# P&O to have a new logo



## Principe_Perfeito (Aug 21, 2005)

Hello to all.

This is like having someone finger painting the Sistine Chapel... (Cloud) 


Southern Daily Echo 21/3/06

FOR more than 30 years it has been a familiar symbol on the seas.

The famous P&O flag is a regular sight in Southampton docks where
several of the company's cruise liners are based.

However, today the firm is unveiling a brand new look which means
ditching the flag in favour of a golden sunrise.

From April the ships will be embossed with the new livery which will
be rolled out on all the company's brochures, stationery and
merchandise over the next year.

According to P&O chiefs the new `rising sun' logo symbolises
the "optimism and excitement of a new dawn".

Managing director David Dingle said axing the well-known flag emblem
was about moving with the times and appealing to the new breed of
cruise lovers.

He said: "P&O Cruises has grown and developed as a brand and its
passenger demographic has broadened and evolved with it.

"We are carrying more passengers than ever before. With the
introduction of stylish super liner Arcadia and the planned launch
of Ventura in 2008, we are heralding a more contemporary era for P&O
Cruises, while continuing to deliver the core values of our cruising
heritage to British holidaymakers."

The idea behind the new look was the brainchild of marketing agency
Brand Environment.

"We wanted the initial concept to embrace the company's heritage, so
we began with the sunrise that is familiar on board today and
contemporised it," said Carrie Stokes, account director at Brand
Environment.

The flag will not completely disappear from view as the five British-
based ships will still fly the P&O house flag to reflect their
maritime heritage.

The introduction of the new emblem will be phased in and completed
by mid-2007 to coincide with the launch of Ventura's maiden season
brochure.

The existing identity was created about 30 years ago to manage a
broad range of business activities.


----------



## kelgels (Jan 2, 2006)

Sound like that could be classed as an act of terrorisim amongst the traditonalists!!
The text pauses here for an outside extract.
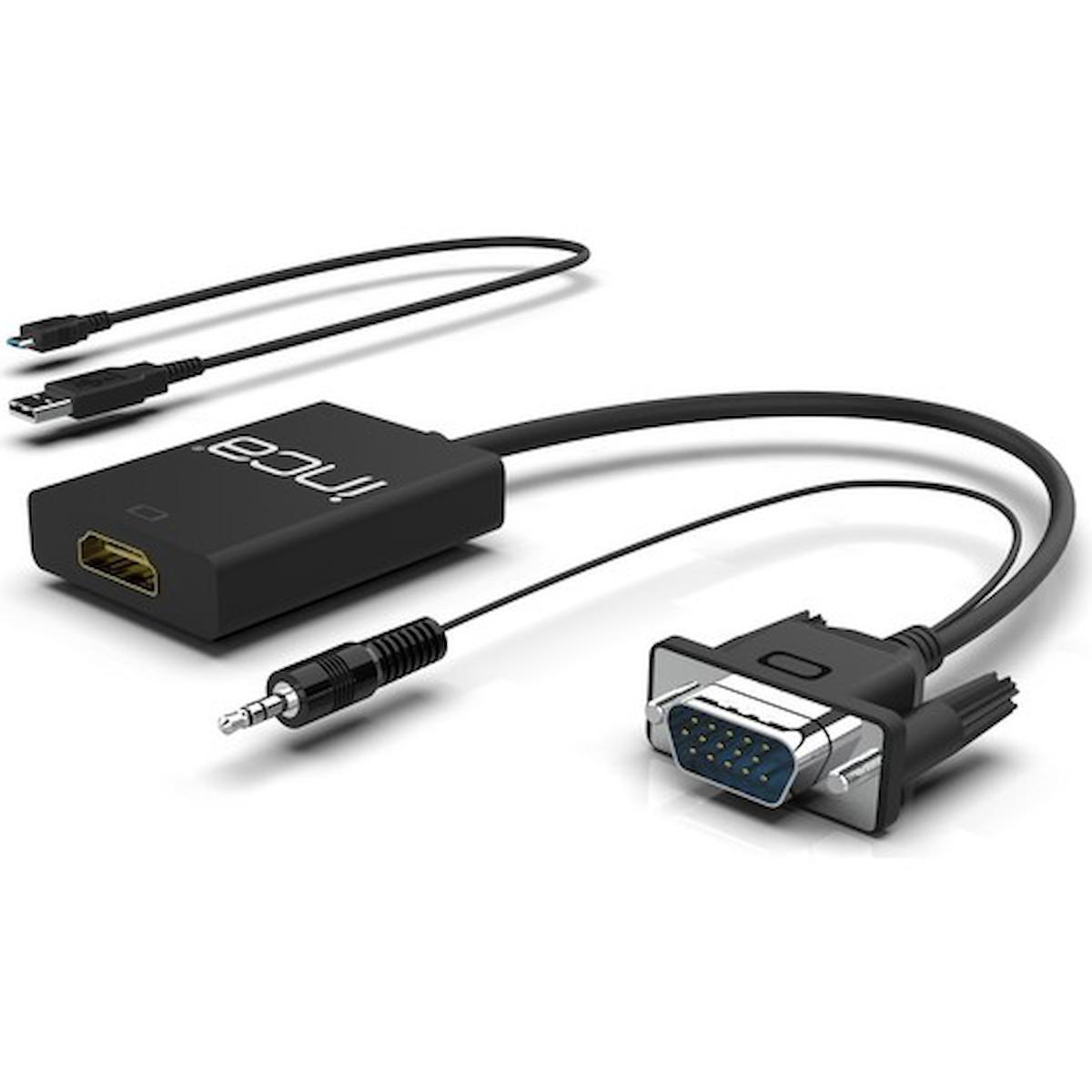 Inca Ivth-02 Vga To Hdmı Çevirici + Usb Adaptörü + Ses Kablosu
Got to Admint I like the golden yellow funnel for the passenger ships and the no longer seen blue funnels with the white P&O on the Freight carring ships.

What a shame but I guess we just have to accept change.


----------



## Thamesphil (Jul 22, 2005)

Seeing that P&O Cruises is a brand within the Carnival Corp empire (American) they probably wish to further disassociate themselves with the now Dubai Ports owned P&O SN Company. So this move is really not surprising given the current fiasco in the US over the Dubai Ports/P&O takeover.

Phil


----------



## Paul UK (Jun 13, 2005)

just had a load of sales leaflets in the post and all have the new logo on.

is the funnel colour changing as well, hope not.

Paul


----------



## Pompeyfan (Aug 9, 2005)

I have had sales stuff also with new logo, but i will keep the old flag as a reminder of the real P&O. David


----------



## Baltic Wal (Jun 27, 2005)

As P & O Cruises has been no part of the P&O group for some time I am not surprised. They are using a trademark and would probably have been asked to stop using it after a set time


----------